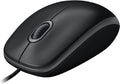 Logitech M100 Wired USB Mouse - DokanTech #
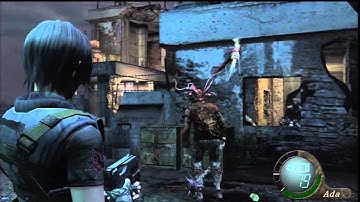 Resident Evil 4 HD Assignment Ada Walkthrough - Part 1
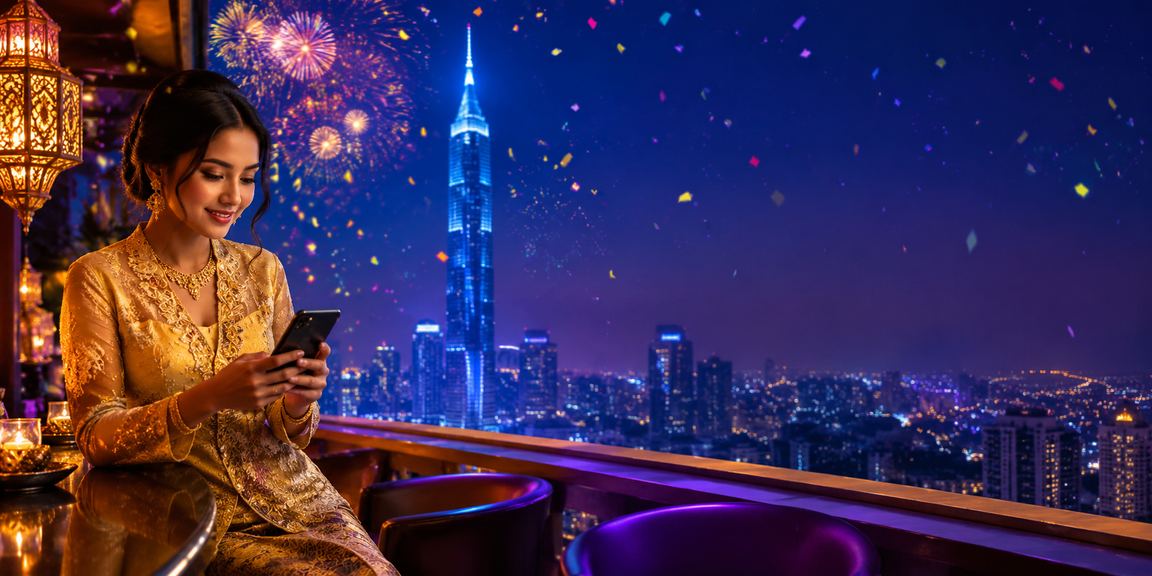 Kasino mudah alih bergaya kebaya di Kuala Lumpur dengan paparan keselamatan digital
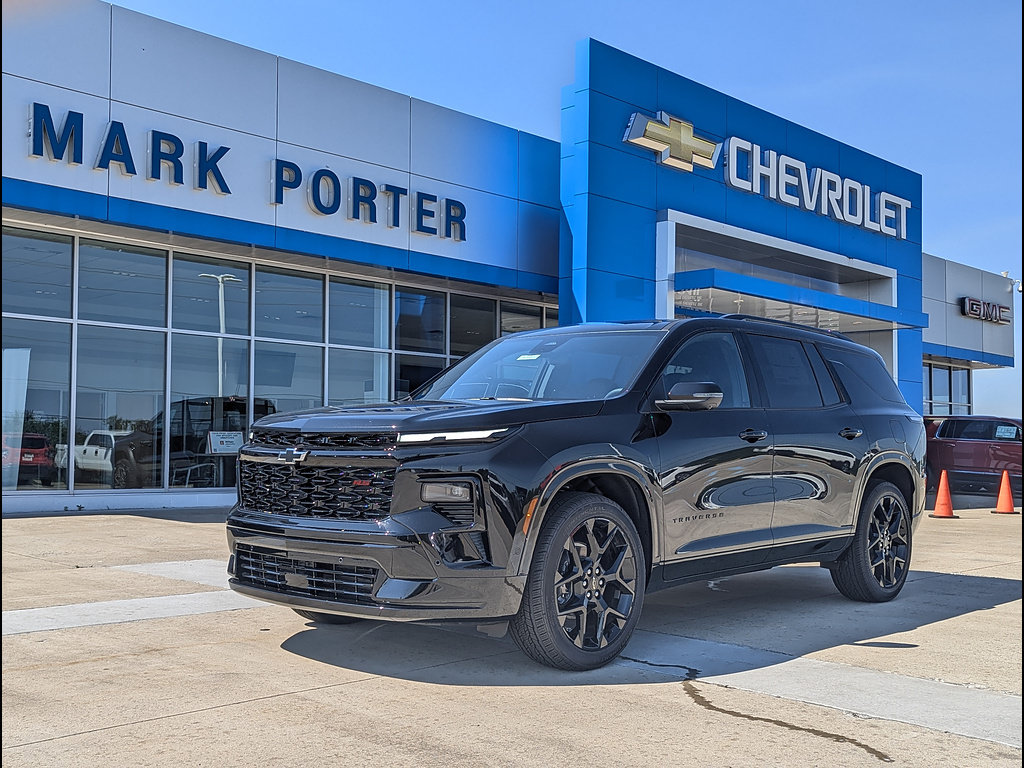 New 2026 Chevrolet Traverse RS AWD/4WD image 1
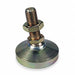 Level Pad Fixed Stud 1/2-13 1-7/8in Base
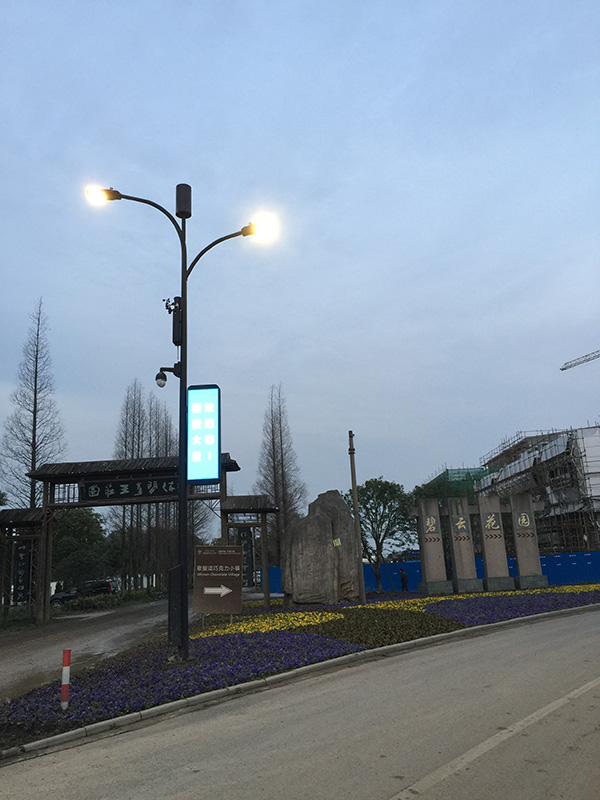 智慧路（lù）燈的主要功能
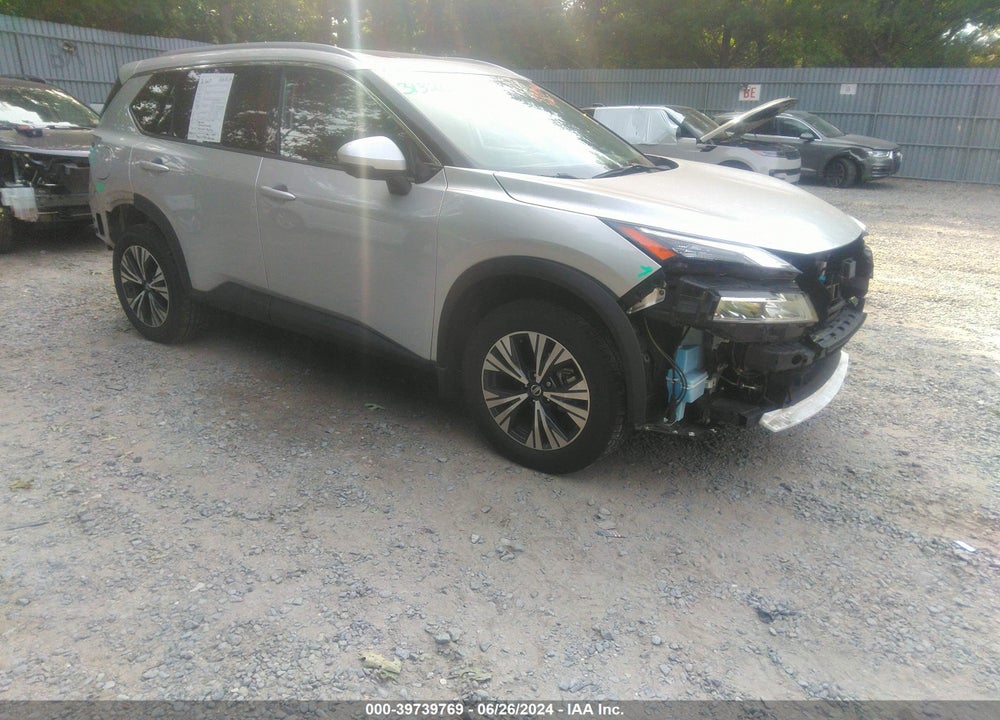 2021 NISSAN ROGUE SV INTELLIGENT AWD VIN: JN8AT3BB6MW212288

Assigned task -> Pictures stay out; reproduce exactly the lines from the one containing "Kasino mudah alih" through the end of the data.

Answer for this exercise ->
 Kasino mudah alih bergaya kebaya di Kuala Lumpur dengan paparan keselamatan digital
 New 2026 Chevrolet Traverse RS AWD/4WD image 1
 Level Pad Fixed Stud 1/2-13 1-7/8in Base
 智慧路（lù）燈的主要功能
 2021 NISSAN ROGUE SV INTELLIGENT AWD VIN: JN8AT3BB6MW212288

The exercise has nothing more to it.